SOAPam Server: Certificate installation page returns HTTP 403 Forbidden error

Summary

An issue exists in SOAPam^© Server  that causes the Control Panel certificate installation pages to return an HTTP 403 Forbidden error upon form submission. This is due to an issue with the XSRF protection feature introduced in version 3.1.8.

Advisory Release Date

Jan 31, 2021

Affected Versions

• 3.1.8

Fixed Versions

• 3.1.8.2

Status

A hotfix is available for this issue.

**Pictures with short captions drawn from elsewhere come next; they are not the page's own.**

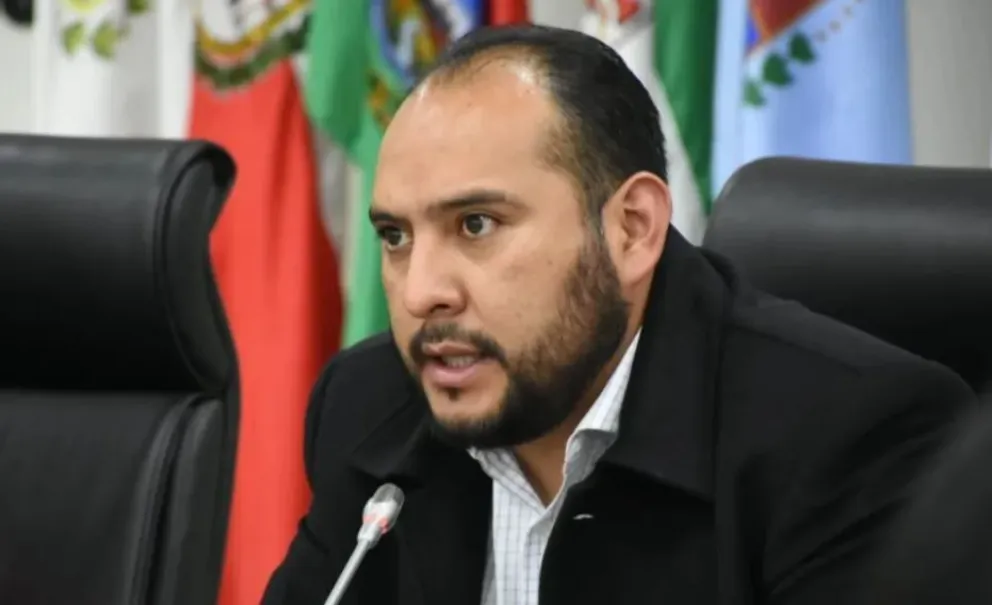 Roberto Ríos, ministro de Gobierno. Foto: ABI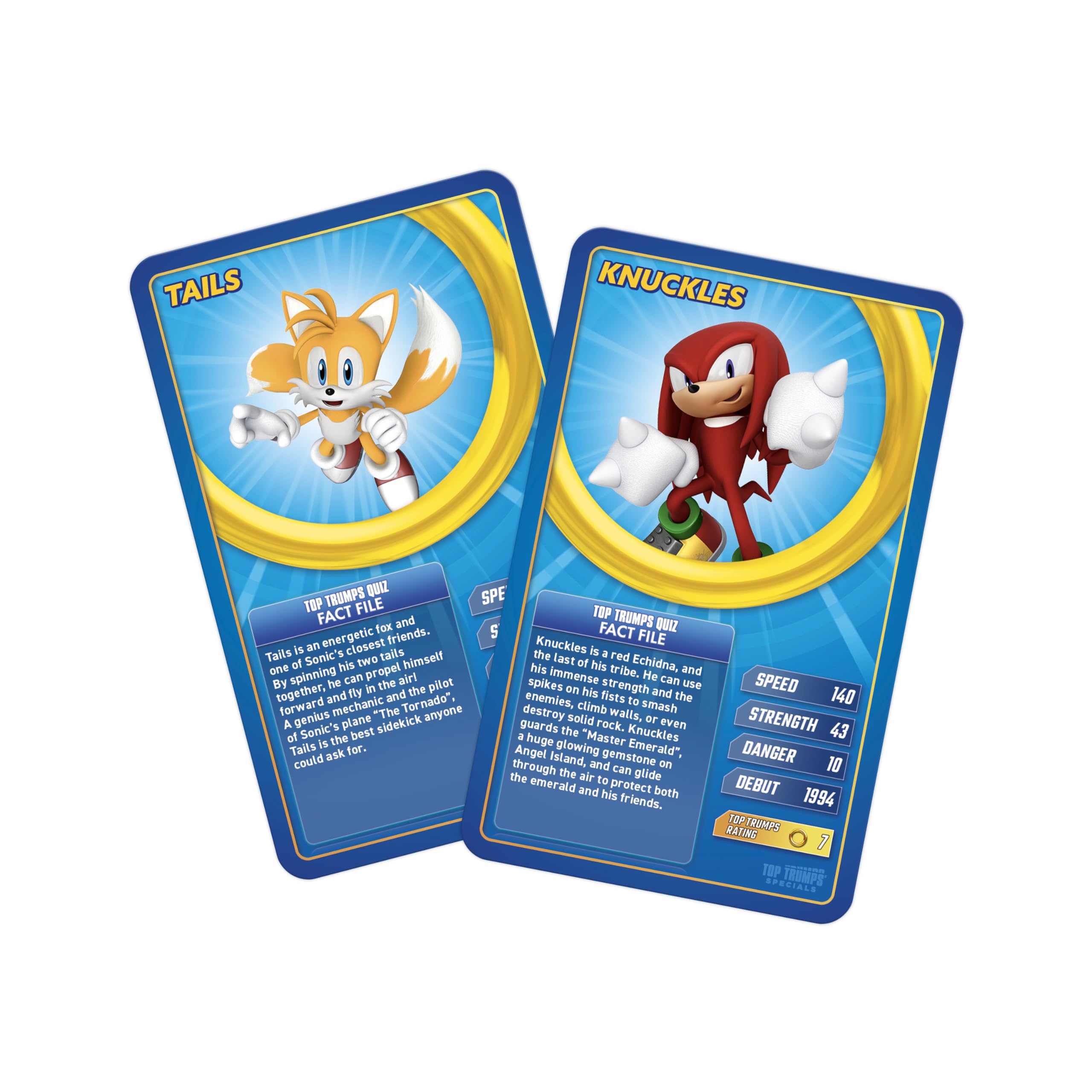 Top Trumps Sonic The Hedgehog Specials Card Game – 30 Heroes & Villains from Sega Gaming History 8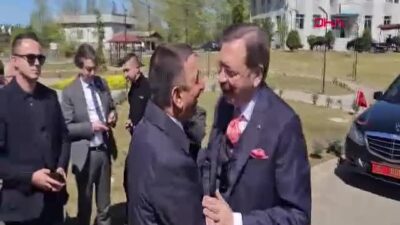 TOBB Başkanı Rifat Hisarcıklıoğlu, Zonguldak'ta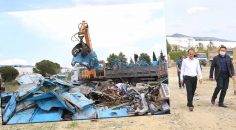 PAMUKKALE BELEDİYESİ’NDEN TURİZM BÖLGESİNE DOKUNUŞ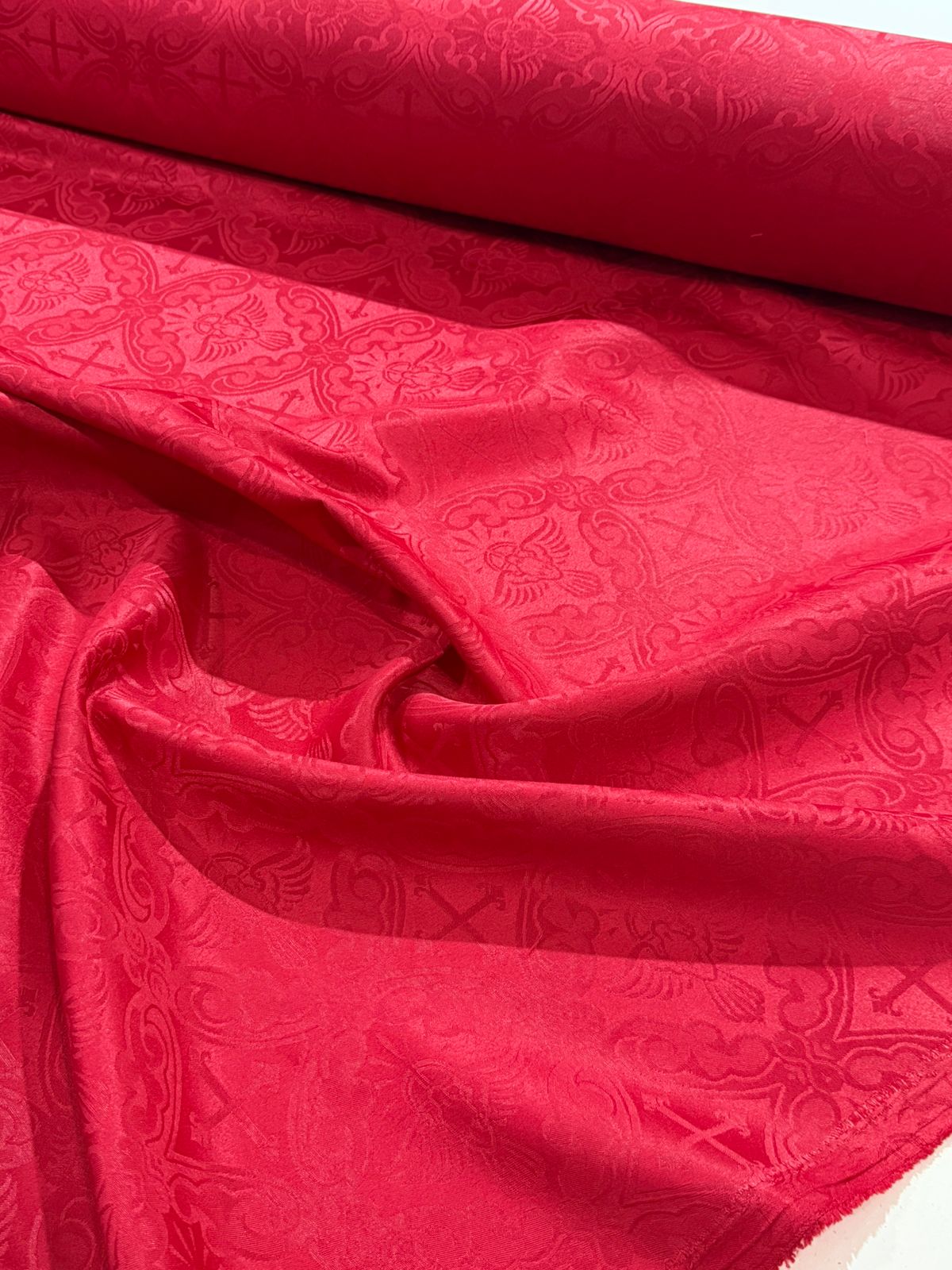 Tecido Jacquard trabalhado 1,50m de Largura
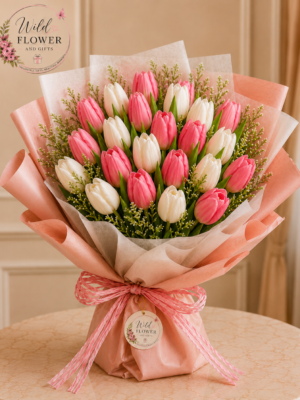 Spring Tulip Bouquet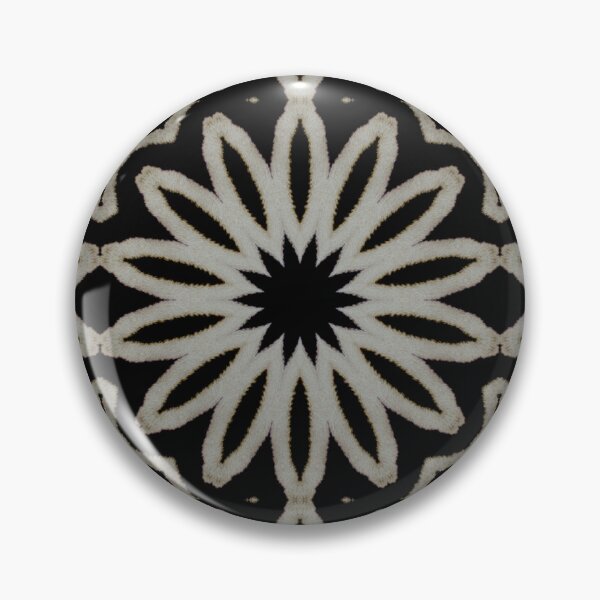 Item preview, Zebra Fur Texture Kaleidoscope Pattern 73 designed and sold by Swabcraft.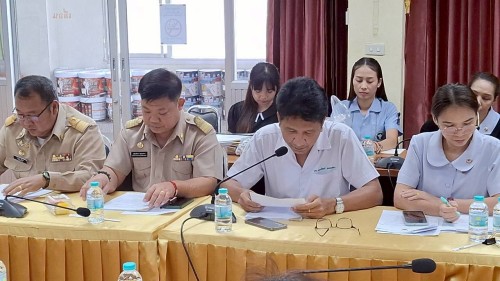 เทศบาลนครแม่สอด จัดการประชุมคณะกรรมการบริหารคลินิกชุมชนอบอุ่นเทศบาลนครแม่สอด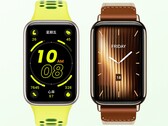 El Honor Band 11 Pro está disponible con un módulo GPS opcional.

Once the hotfix is installed, the issue will no longer occur.

Hotfix Installation

Install the hotfix by following these steps:

1. Download the hotfix PAK file using the link below and transfer the file to your NonStop system using binary transfer.               
   • For TNS/E: hf3182e.pak
   • For TNS/X: hf3182x.pak
2. Unpak the hotfix PAK file, which contains the following files:               
   • SOAPAM - The SOAPAM process program file.
   • SOAPAMP - The SOAPAMP process program file (privileged version)
3. Stop any existing SOAPAM / SOAPAMP processes.
4. Replace the existing program files with the hotfix program files.
5. Restart the SOAPAM / SOAPAMP processes.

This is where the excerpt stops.